Но при всей истинности моментов неистинным оставалось их целое; просто призрак продолжал экспериментировать, диалектически противопоставляя себе себя другого и мороча голову экспозицией собственных псевдонесовместимостей и псевдонепримиримостей. Наверное, историю ХХ века удастся однажды осмыслить как историю распространения метастаз марксизма, зачастую просто нераспознаваемых. Хайдеггер (в лекциях 1944 года) заметил, что в аспекте истории метафизики коммунизм, американизм и национал-социализм идентичны. Чтобы понять это, надо идеировать названные идеологии, а не журналистски скользить по ним. Общности и здесь обещают быть куда более интересными, чем различия: скажем, общность между Гитлером и Тельманом, Тельманом и Рузвельтом, Рузвельтом и Сталиным в рамках инновационных стратегий перестройки мира. Экспонентам этого единого и универсального марксизма оставалось лишь претендовать, каждому для себя, на подлинность и единственность.

То, что марксизм в советском эксперименте загнал себя в тупик, можно понять, наблюдая его в чисто русском профиле непредсказуемостей. Но это нисколько не свидетельствует еще против более высокого процента аутентичности в нем. Ленин, что бы ни говорили, развил и осуществил глубочайшие потенции марксизма, а Сталин — ленинизмa. Образ «подлинного, неискаженного Маркса» в соседстве с Кьеркегором, Ницше, Кафкой (почему не Марком Аврелием или Иоахимом Флорским?), сфабрикованный западными и отечественными шестидесятниками, был и остается не более чем очередным диалектическим фокусом, опровергаемым текстами и фактами; он и в кабинете грезил о баррикадах и восхищался коммунарным отребьем, сжегшем Париж, а уж перед большевистским отребьем преклонился бы наверняка, несмотря на свое патологическое неприятие России.

Говоря без оговорок, Маркс — создание Ленина, потому что без Ленина он не стал бы фактором мира и истории, а остался бы навсегда в одной кампании с Бём-Баверком и Туган-Барановским и уж во всяком случае без шестидесятников как московского, так и парижского разлива, которые, ища его аутентичности, как-то с легкостью не учли, что и сами они, вкупе с собственным творческим подходом к марксизму, ленинские же креатуры. Но Ленин, создавший Маркса, был, в свою очередь, сталинским созданием: от Мавзолея с выставленными напоказ мощами до песен Джамбула Джабаева и Сулеймана Стальского.
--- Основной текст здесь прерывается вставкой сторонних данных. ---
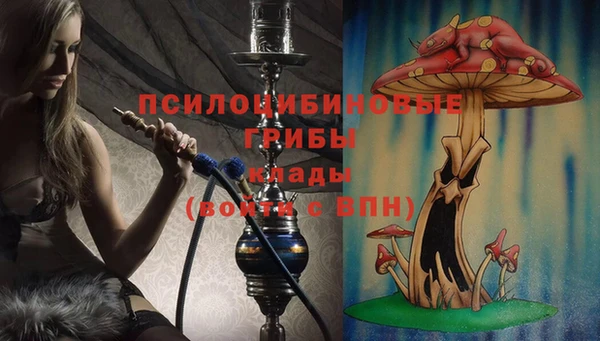 a pvp Армянск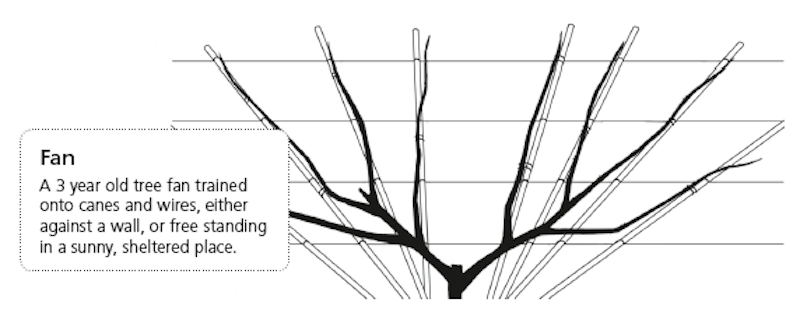 Fig tree diagram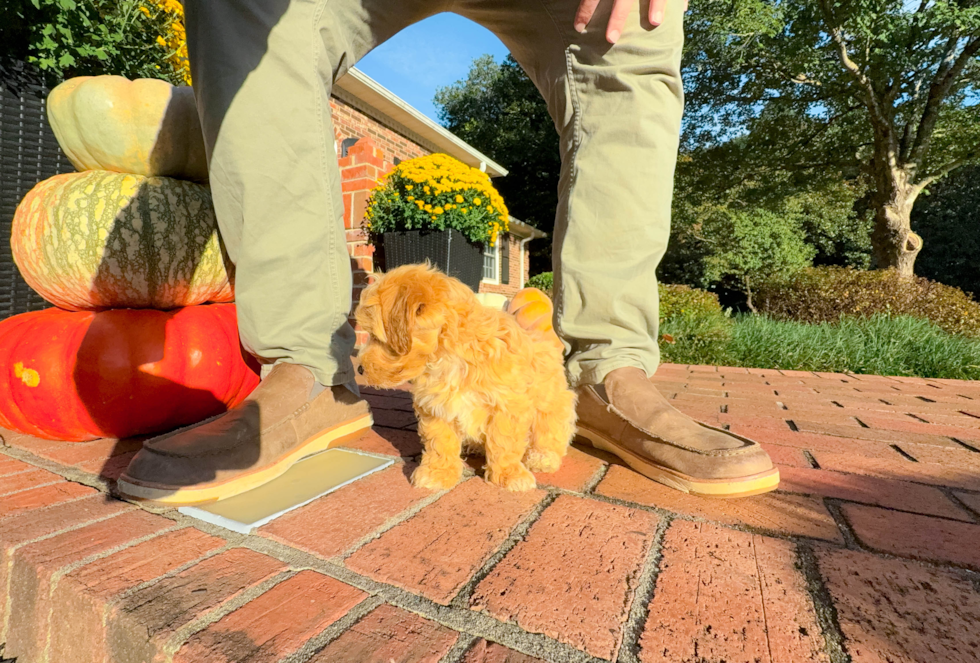 Cute Maltipoo Poodle Mix Pup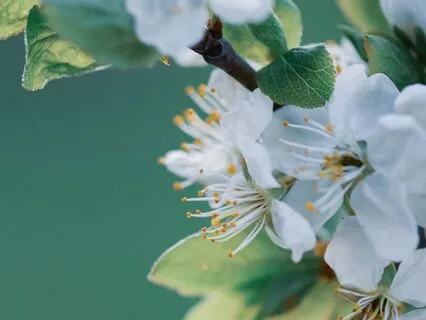 432 Hz The Vibration Of Love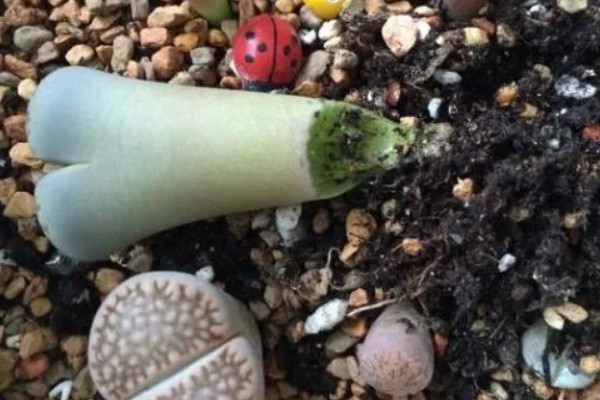 石生花皱皮的原因及解决方式，可能是正在脱皮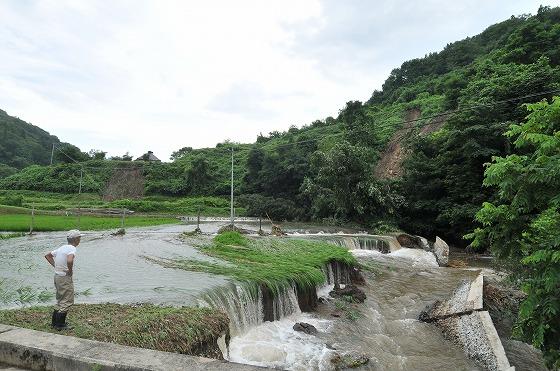 川の水が脇の田んぼを覆っている写真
Короче, если советский эксперимент загнал себя в тупик, то не в последнюю очередь оттого, что он был наиболее рискованным. Здесь не болтали о классовой борьбе, а стояли в ней насмерть. Гнев Ленина, а после и Сталина, против ревизионистов и оппортунистов марксистского учения понятен и по-марксистски правомерен: если марксизм только учение, а не в то же время и руководство к действию, то выбирать приходится между неадекватностью и провокацией. Оба раза в каком-нибудь немецком университете или парижском кафе. Потеряв силу и правдоподобие в советской рабоче-крестьянской аватаре, марксистский оборотень вновь объявился в студенческой парижской. Теперь уже верхом не на Митине и Лифшице, а на Сартре и Фуко, кружа голову не только остротой и гениальностью исполнения, но и смелостью идейных смесительств, от Ницше, Гуссерля и Хайдеггера до Жене и Арто. Молодые советские первомарксисты имитировали, по сути, тот же узор, без декадентских излишеств, но с одинаковой целью: лишить марксизм католической невменяемости и придать ему шарм, чтобы от него уже не шарахались, а влеклись к нему. До Ницше и Арто здесь, конечно, не доходило, зато неприкрытым образом черпали из экзистенциализма, логического позитивизма, структурализма и теории систем. Еще раз: нужно было вывести марксизм из советско-официальных стереотипов, расширить его до неузнаваемости и замести следы экскурсами в Берталанфи, Декарта или (почему бы и нет) Марселя Пруста.